I. Por douta Sentença de 02/11/2022 o Insigne Tribunal a quo julgou improcedente a acção apresentada pelo Autor e fê-lo, sem mais, em desrespeito pela Decisão Singular proferida pelo Tribunal da Relação do Porto a 05/07/2022, mantendo-a desprovida de factos concretos relativos ao caso sub judice, julgando, não obstante, “verificada a excepção da autoridade do caso julgado e, em conformidade” absolveu a Ré do pedido, por confronto a alegados factos provados e não provados num dos vários processos de prestação de contas que correu termos entre Recorrente e Recorrida!

II. Isto sem mais fundamentação; sem apontar os concretos pontos da referida acção de prestação de contas que teriam incidido e decidido sobre os diversos valores peticionados nos presentes autos: “taxas de justiça” (sic art.º 8º da p.i.); “honorários” (sic art.º 9º da p.i.); “fornecimento de electricidade” (sic art.º 12º da p.i.); “despesas relacionadas com pedidos de informações, certidões e cópias” (sic art. 13.º da p.i.); “prestação vencida” (sic art.º 14.º da p.i.); e “reparação de uma avaria na caixa de velocidade” (sic art.º 15.º da p.i.).
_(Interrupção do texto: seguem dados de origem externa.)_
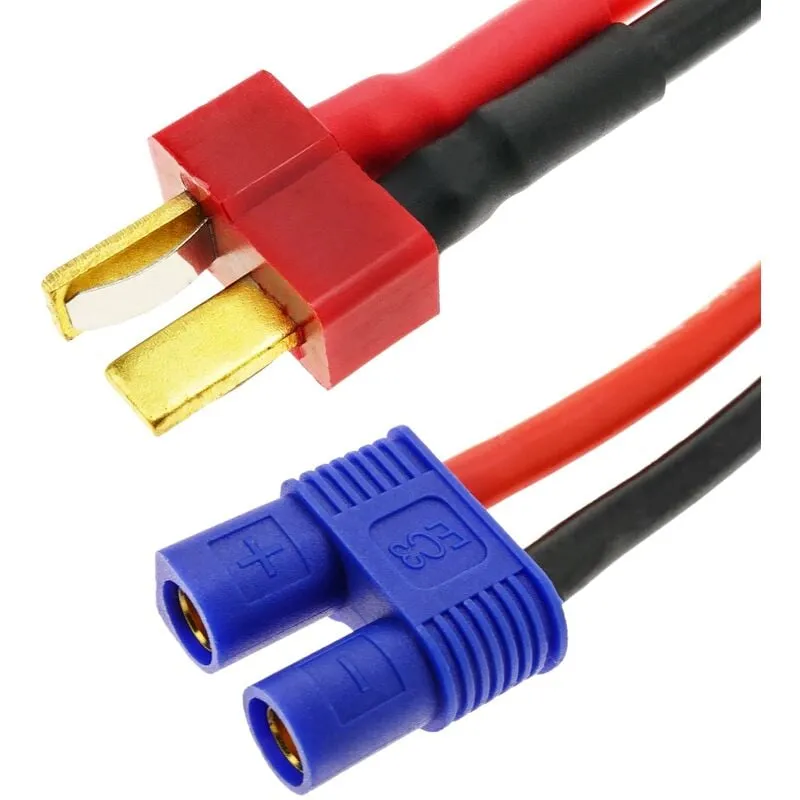 Cablemarkt - Cavo con connettori T-Plug maschio a EC3 femmina per batterie 10 cm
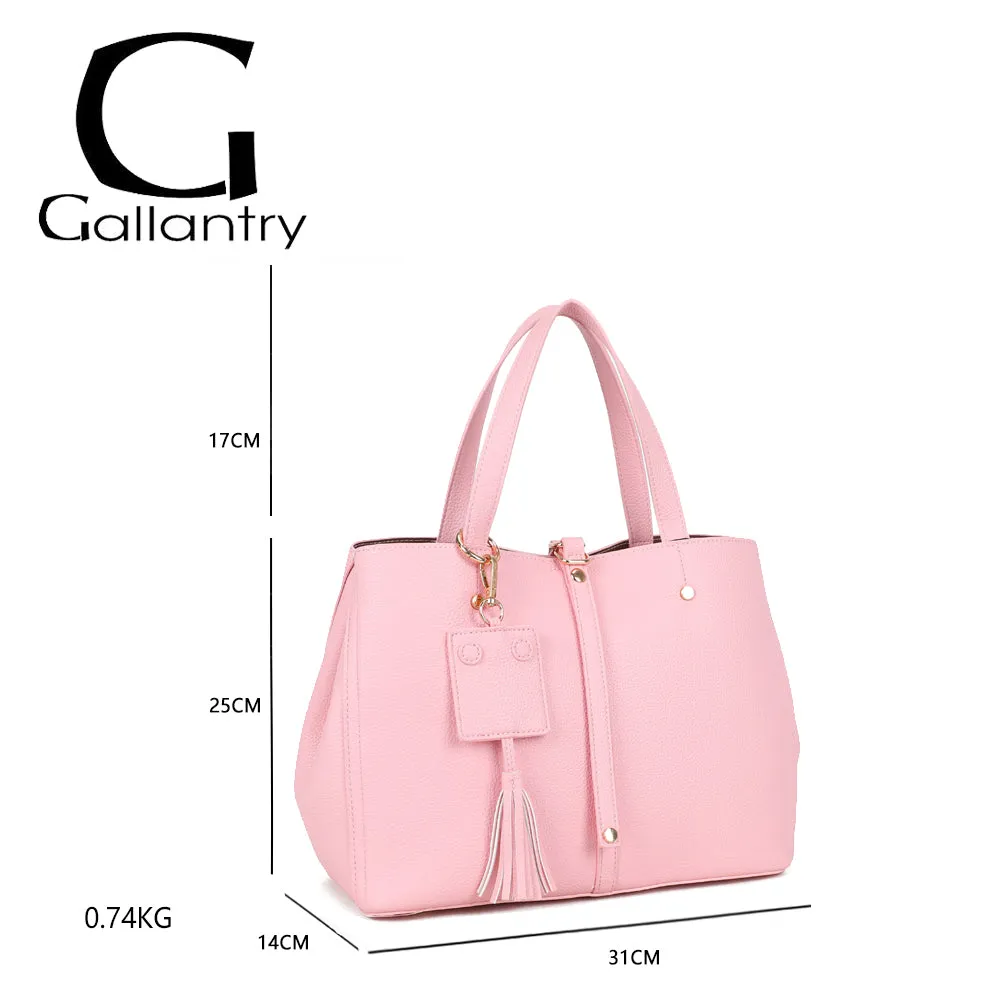 Gallantry Mirage sac à main Noir franges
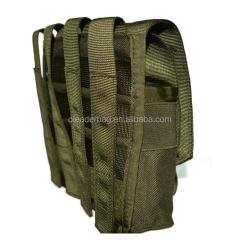 Olive EMDOM CQB AK-M4 Double Mag Pouch Molle System Tactical Molle Revolver Holster Universal Shot Speed Loader Accessory Bag Small Mag Double Pouch Conceal Holder Tool Pouch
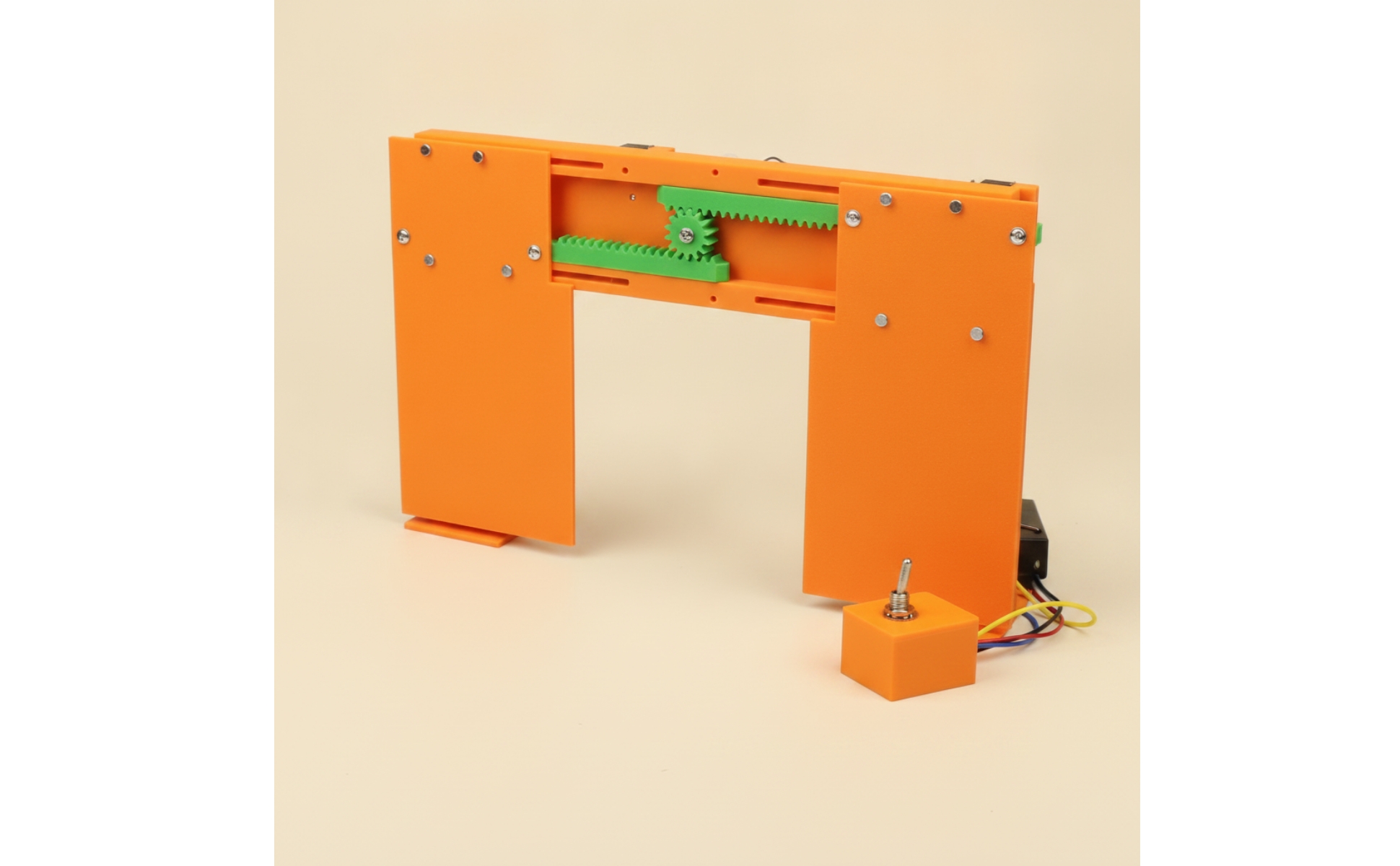 Automatic Door Kit DIY Sliding Door Model Electric for Classroom, Students, Kids
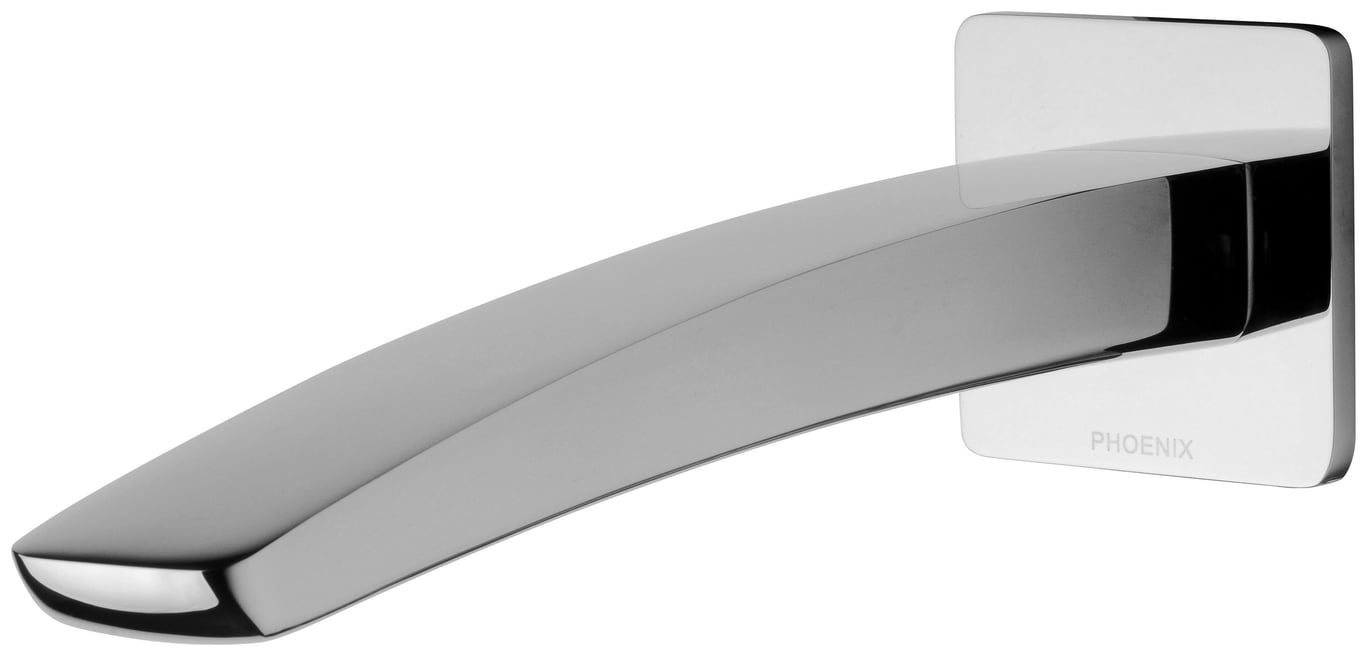 RU776 CHR Rush Wall Bath Outlet 180mm.jpg Image of Spout Wall Phoenix Rush Bath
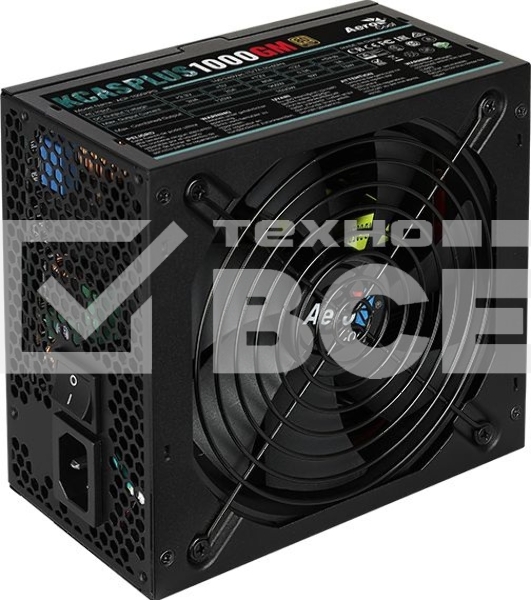 Блок питания Aerocool / Formula KCAS PLUS 1000GM V2 RTL (ACPG-KPK0FEC.12), 1000Вт, 80 PLUS Gold, 140мм, модульный, черный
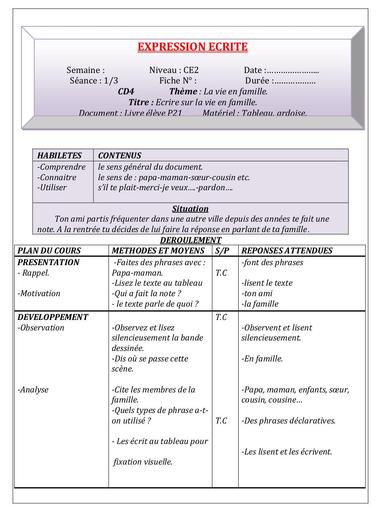 EXPRESSION ECRITE CE2 converted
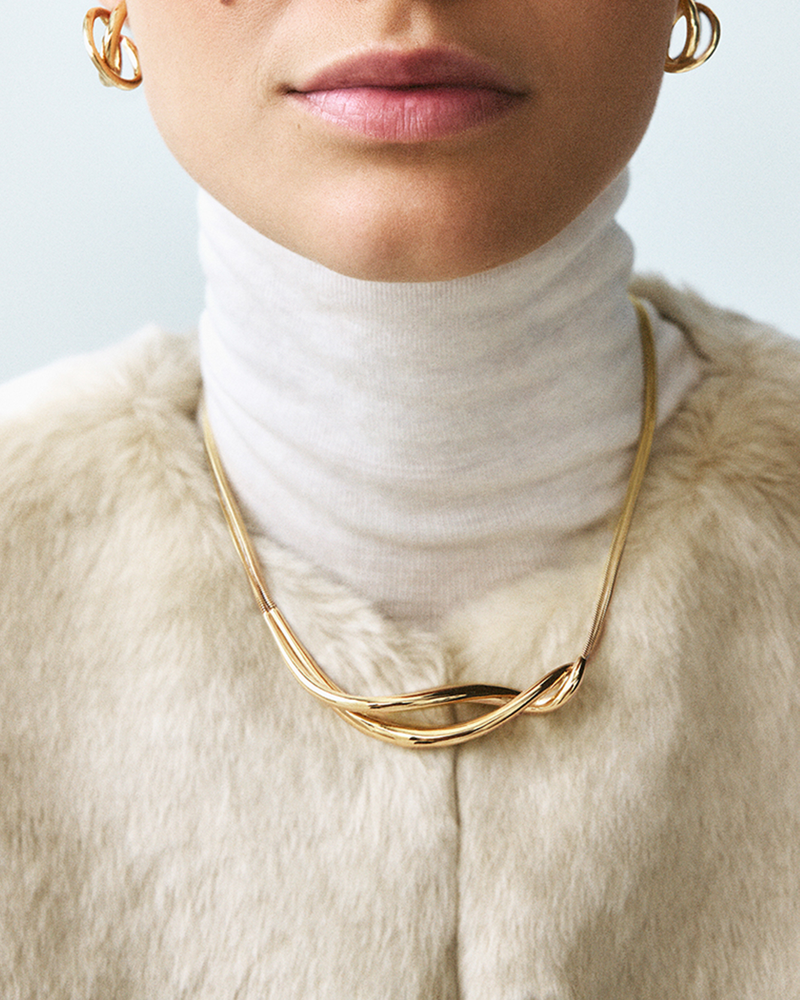 Nouveau Necklace L Gold necklaces Gold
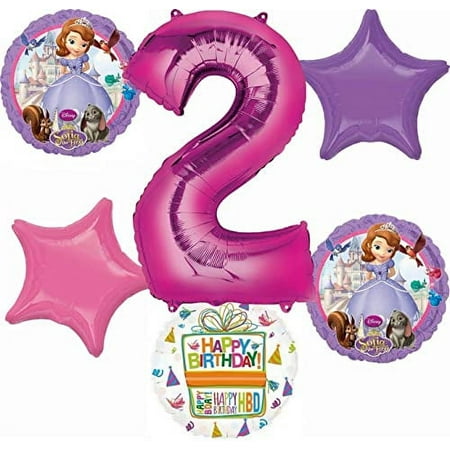 Sofia the First 2nd Birthday Party Supplies Balloon Bouquet Decorations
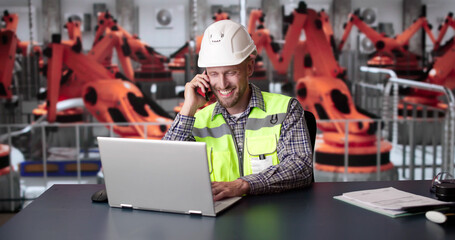 Poster - Automobile Car Production Engineer Working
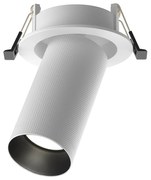 Mini Spot incastrabil rotativ retractabil Artisan alb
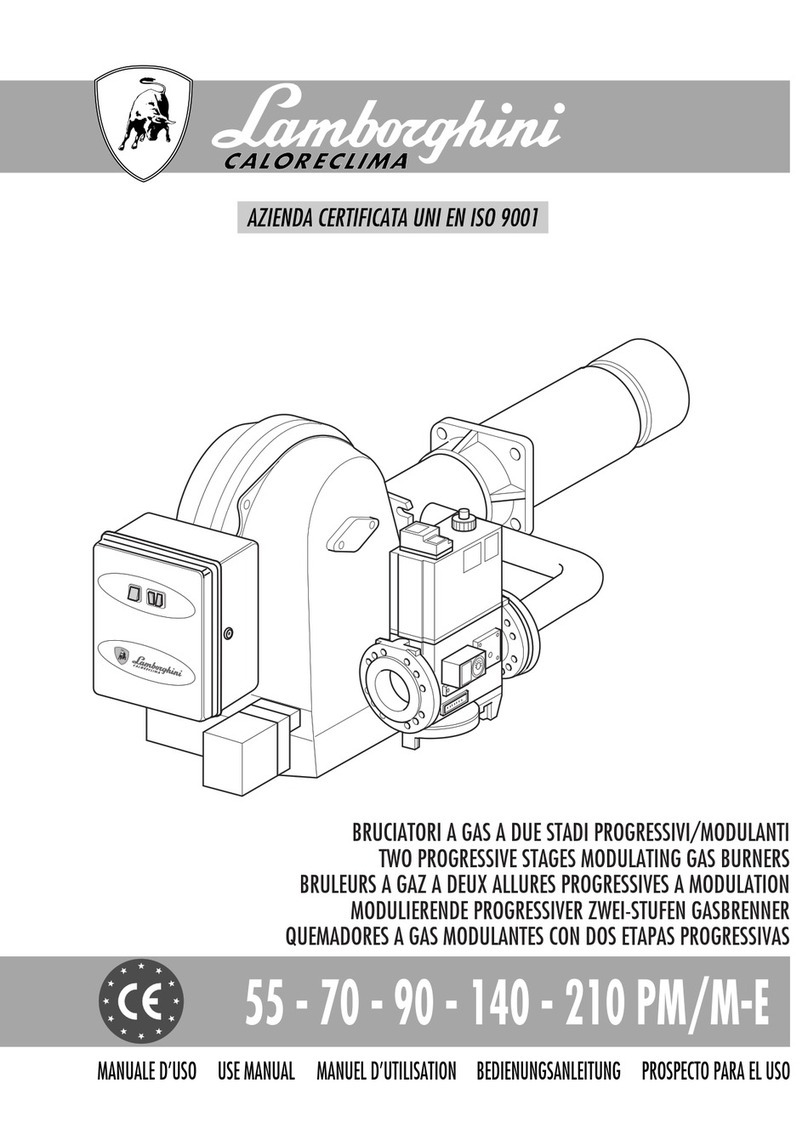 Lamborghini Caloreclima 90 PM/M-E Mounting instructions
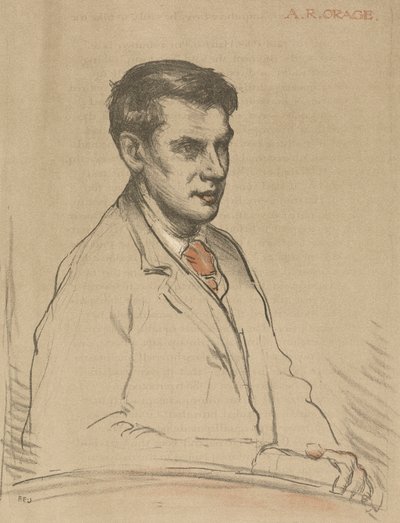 A.R. Orage alkotó: Francis Ernest Jackson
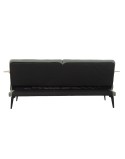 Sofá-cama DKD Home Decor 203 x 87 x 81 cm Preto Metal Castanho Verde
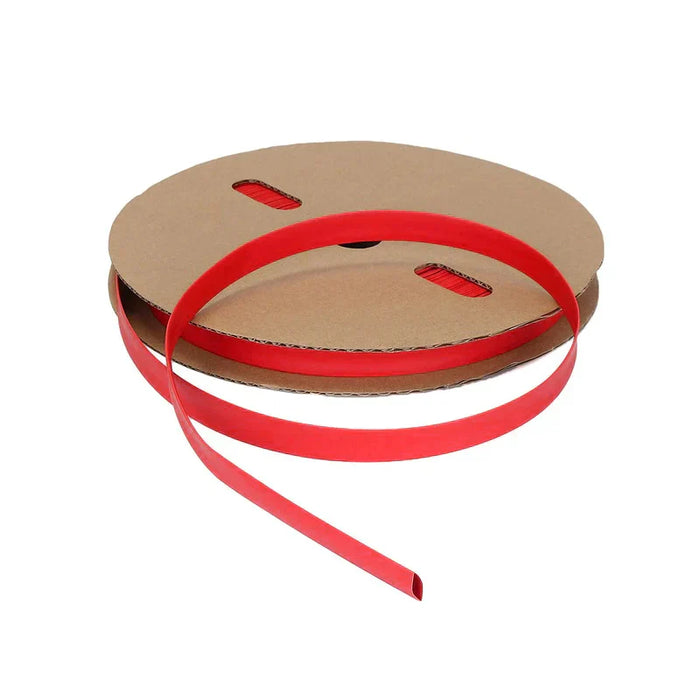 Heat Shrink Tubing - 2" ID - 3:1 Ratio - Single Wall Polyolefin - Flexible - Flame Retardant - Red - M23053/5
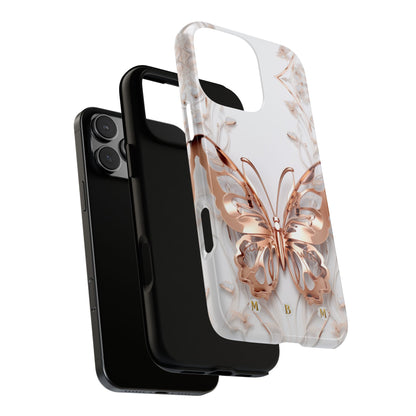 Rose Gold Butterfly iPhone Case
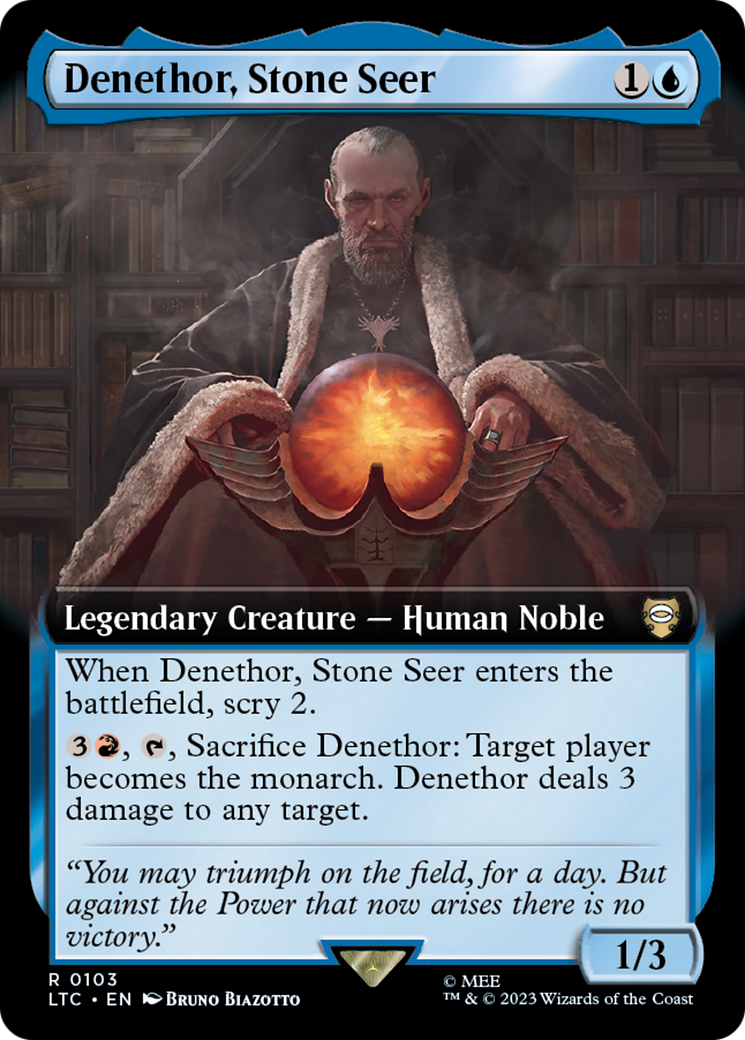 Denethor, Stone Seer (Extended Art) [The Lord of the Rings: Tales of Middle-Earth Commander] | Anubis Games and Hobby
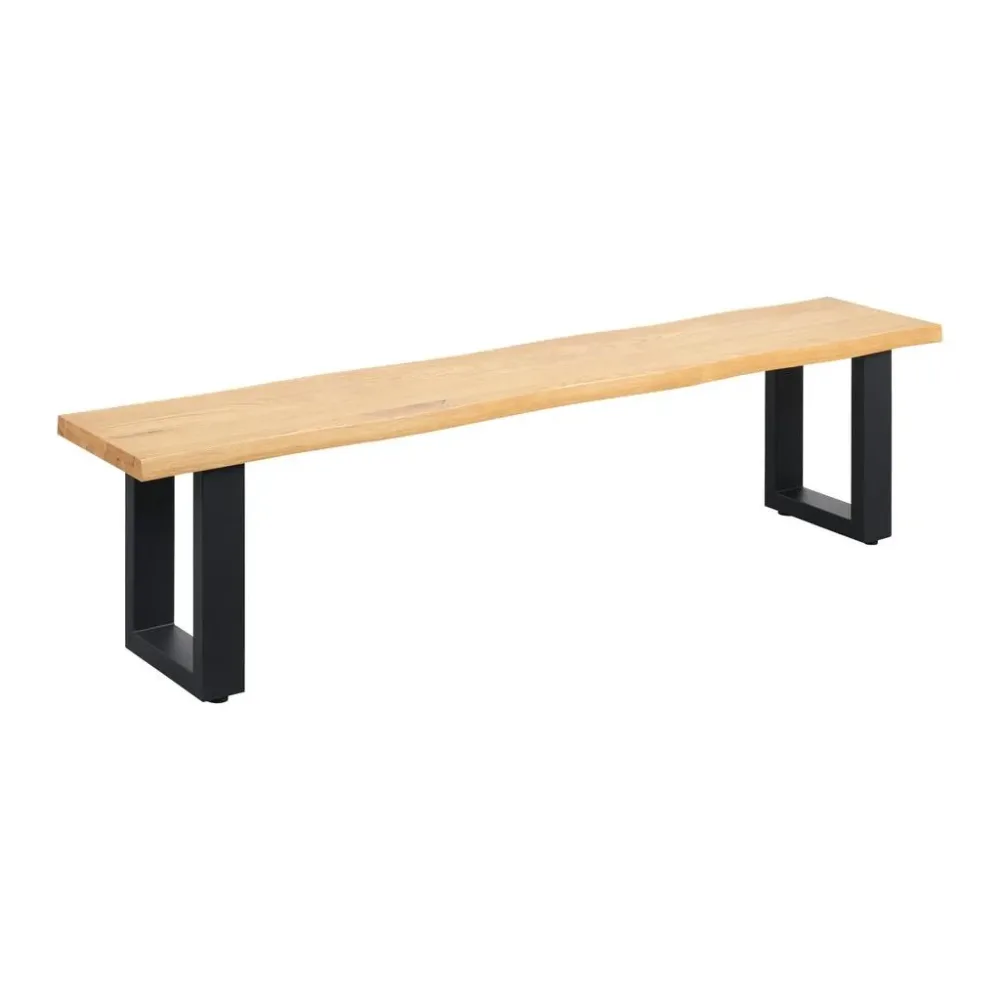 Sitzbank Boston Schwarz/eiche Artisan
III. Portanto, o Recorrente não pode conformar-se com o sentido da Decisão aqui em crise atenta a manifesta falta de fundamentação e análise (inexistente), que se crê errada, dos factos carreados e respectiva aplicação do direito.

IV. Pode ler-se na Decisão recorrida o seguinte - praticamente cópia da Decisão anterior já revogada por este Insigne Tribunal:
“1 - O Autor intentou a presente acção requerendo que a Ré seja condenada a pagar a quantia de € 10.211,96.

2 - Como causa de pedir alega o pagamento de despesas por si suportadas com os bens comuns do casal.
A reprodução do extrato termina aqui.